Zwar hatte schon vorher die Krise bei JP Morgan die Notwendigkeit derartiger Reformen deutlich gemacht (vgl. „JP Morgan beweist, wie notwendig Regulierung ist“ archiv.labournet.de/diskussion/wipo/finanz/jpmorgan.html)
Also doch – zerschlagt die Banken!
Wenn man kürzlich noch schreiben konnte, dass es bei uns noch keinen Gedanken für solch ein kriseneinschränkendes Trennbanksystem gibt (vgl. den Absatz „…und kein Gedanke an eine Trennung …“ bei archiv.labournet.de/diskussion/eu/wipo/krise_bahl4.html), so hat sich die Situation doch inzwischen geändert.
Nachdem bei uns in Deutschland der Protagonist eines derartigen Regulierungswerkes, Rudolf Hickel (vgl. zu seinem Buche den allerletzten Absatz bei archiv.labournet.de/diskussion/wipo/finanz/volcker.html) durch die Vorlage seines Buches diese Idee popularisiert hatte, findet man diese „Trennung“ – wenn auch noch unvollkommen – beim SPD-Kanzlerkandidaten Steinbrück wieder: Zwar sollen die Banken nicht wirklich aufgespalten werden, sondern Geschäfts- und Investmentbanken innerhalb einer Holding verbleiben. (Vgl. den 4. Absatz auf der Seite 7 bei archiv.labournet.de/diskussion/eu/wipo/krise_bahl40.html)
Ob mein Urteil, dass Peer Steinbrück damit die große „Bekehrung“ vom Finanzmarkt-Saulus zum Paulus noch nicht vollzogen hat, voreilig gewesen sein könnte, wird uns die Krise wohl weiter lehren.

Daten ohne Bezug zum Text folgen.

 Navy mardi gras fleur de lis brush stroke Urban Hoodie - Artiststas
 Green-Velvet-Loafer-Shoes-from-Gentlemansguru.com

Beeindruckend finde ich jedoch, wie dieser Sanford Weill der mit allen Konsequenzen und auch aller Härte die Deregulierung der Banken im Interesse der radikalen Pläne für seine Bank „Citi-Group“ – sozusagen „an vorderster Front – vorangetrieben hat, mit der gleichen Konsequenz auch heute sagen kann, dieser Weg hat uns nicht weiter gebracht – wir müssen daher zurück zum alten – und wohl bewährten – Bankensystem!